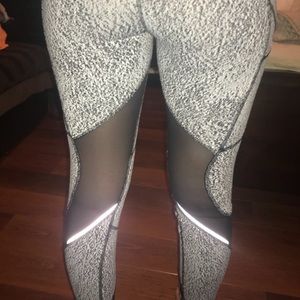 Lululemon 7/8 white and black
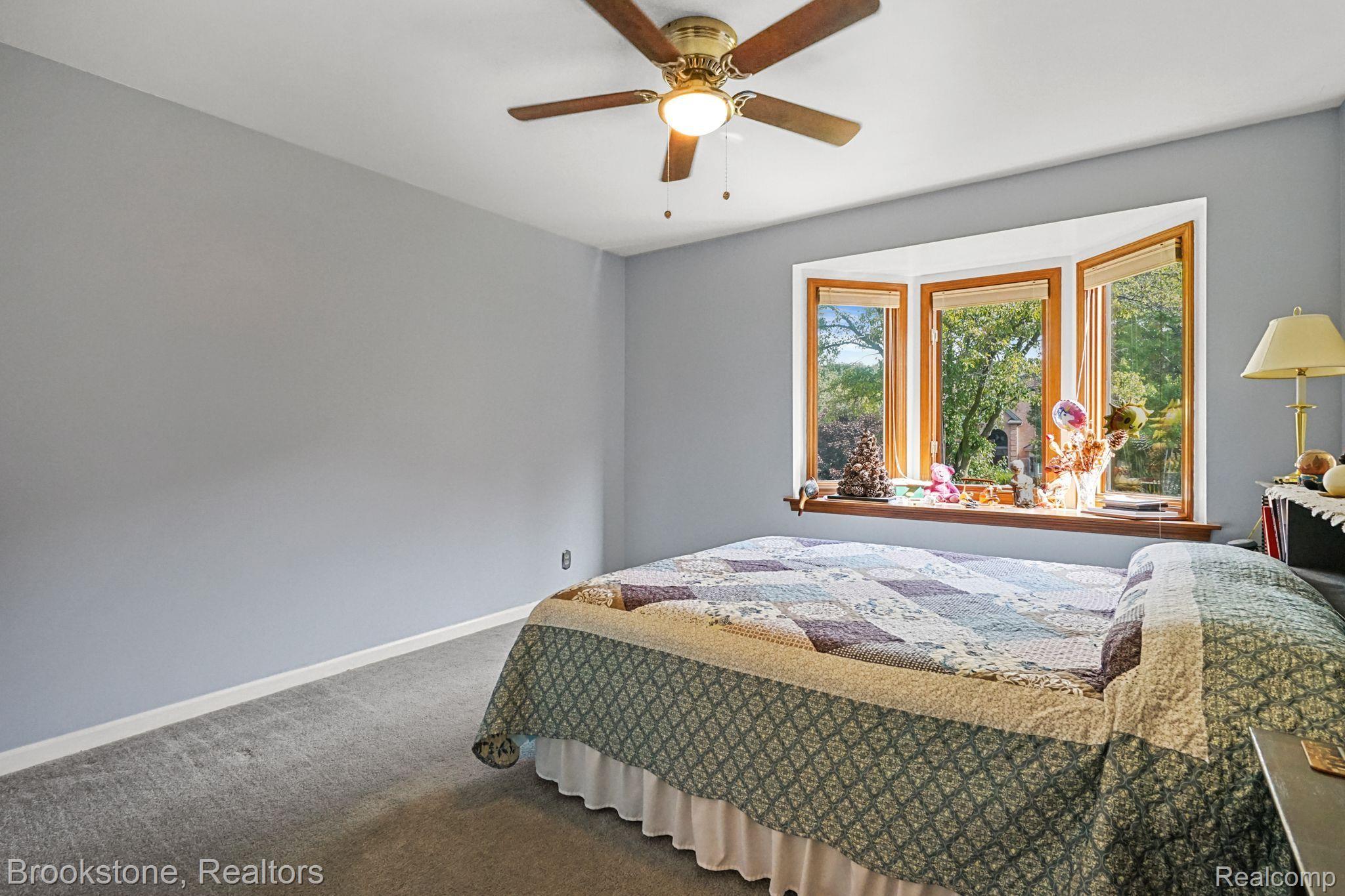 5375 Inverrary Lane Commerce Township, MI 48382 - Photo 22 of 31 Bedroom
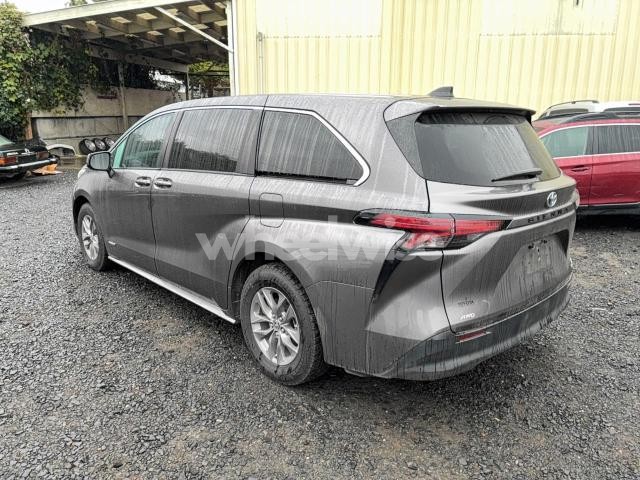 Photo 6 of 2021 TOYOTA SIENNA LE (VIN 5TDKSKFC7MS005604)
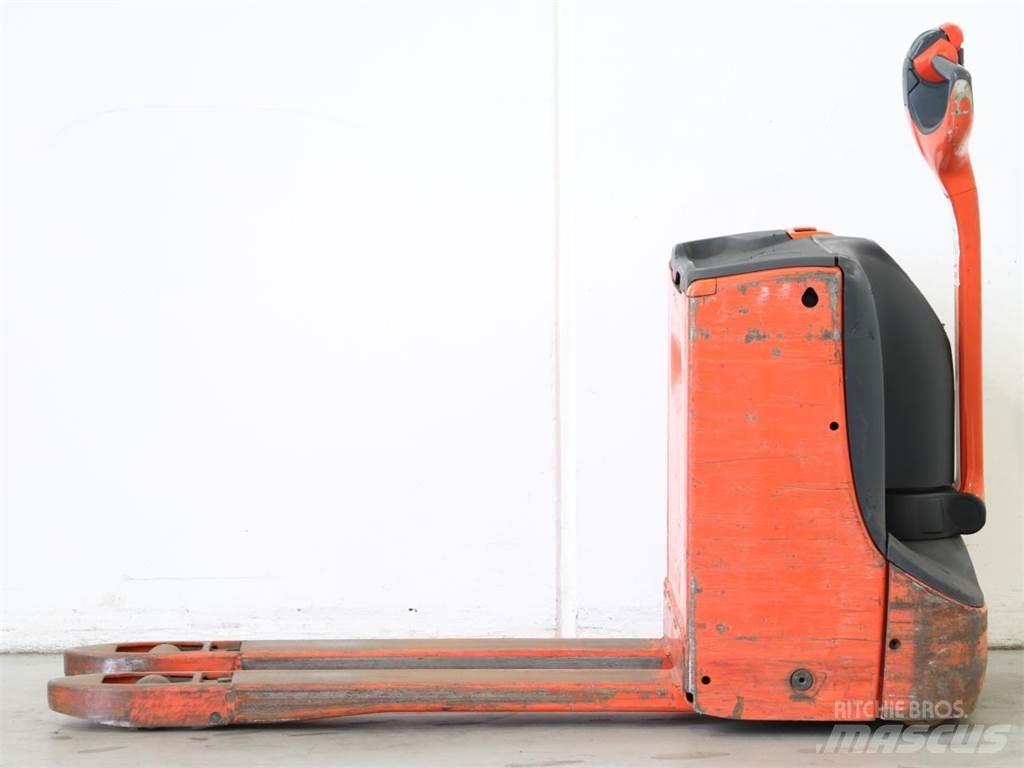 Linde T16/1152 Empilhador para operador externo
###
*WHAT YOU WILL DO:* Your output should be the lines from the line containing "Photo 6 of 2021" through the last line of the listing above, restated exactly, with no pictures among them.

*REPLY TO THE EXERCISE:*
 Photo 6 of 2021 TOYOTA SIENNA LE (VIN 5TDKSKFC7MS005604)
 Linde T16/1152 Empilhador para operador externo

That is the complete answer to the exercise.